Несмотря на формальное соблюдение официальных установок власти, были случаи, когда ученые шли наперекор формальностям. Интересный факт связан опять же с Вано Шадури (Тухарели, 2011. № 5. С. 48–49). Из неопубликованных воспоминаний его коллег и учеников (Нодара Поракишвили, Марии Филиной, Майи Тухарели) я узнала, что ученый иногда позволял себе совершать весьма смелые поступки. Вопреки всему, в 1950-е годы он принял на кафедру детей репрессированных: Тенгиза Буачидзе, Отара Баканидзе, Лину Хихадзе. Впоследствии они стали серьезными учеными, возглавившими кафедры и задавшими вектор исследовательскому процессу в Грузии. С одной стороны, на мой взгляд, такую возможность дала фраза Сталина «Сын за отца не отвечает», а с другой, у Вано Семеновича Шадури был двоюродный брат, Варлаам Иванович Шадури, служивший генералом МВД, первым заместителем министра МВД (его пребывание на самых высоких постах длилось с 1969 до 27 ноября 1990 года)[305]
, и такое родство дало возможность совершать поступки по своему усмотрению. Продолжать не только учиться, но и работать в университете Тенгиз Буачидзе, Отар Баканидзе, Лина Хихадзе могли, не вступая в ряды коммунистической партии, но до 1980-х годов возглавлять кафедру могли только коммунисты. В таком шаге Вано Шадури можно проследить выражение несогласия, своеволия. В России совершение поступков такого рода в то время было невозможно.«Побегом» для ведущих литературоведов Грузии от изучения соцреализма, влекущим за собой учет каждодневной конъюнктуры, являлось обращение к древней литературе или к русской литературе XIX века. Хотя на кафедре «Истории русской литературы» были исследователи соцреализма, так как полностью убежать от XX века было невозможно, но их монографии печатались неохотно, большей частью издавались отдельные статьи, включенные в общие сборники, а сами ученые оставались в тени.
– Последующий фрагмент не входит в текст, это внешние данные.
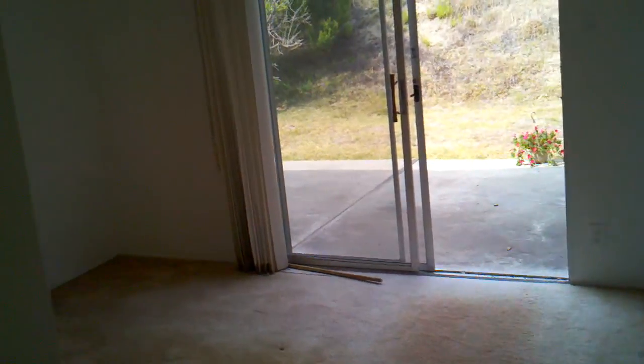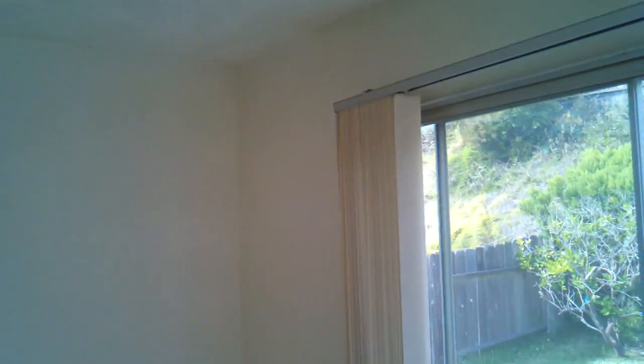The bedroom also has a regular closet door — nothing special, no door out. Here's the second room: regular size, regular closet door. Popcorn ceiling, not really painted well.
В 1960-е годы кафедра, исследовавшая русско-грузинские связи, разрослась и стала интернациональной. Кроме грузин, были исследователи с русскими (Константин Герасимов), армянскими (Мария Байсоголова, Георгий Гиголов) корнями.
После оттепели соцзаказ уже был непрямым, но присутствие цензуры оставалось постоянным. Ученые сами ориентировались в том, что писать и как писать и что является запретной темой. «Эзопов язык» остается распространенным средством для написания научных трудов. Эти годы отмечены появлением на кафедре ученых-маргиналов, маргиналов не по отношению к профессорско-преподавательскому составу, а по отношению к советской власти и ее требованиям. К таким относились известные исследователи: профессор Георгий Михайлович Гиголов, профессор Лина Дмитриевна Хихадзе и не ставший формально профессором, но неофициально считавшийся им Константин Сергеевич Герасимов. В это же время Гиголов начал читать обзорные курсы по истории других славянских литератур – польской и чешской.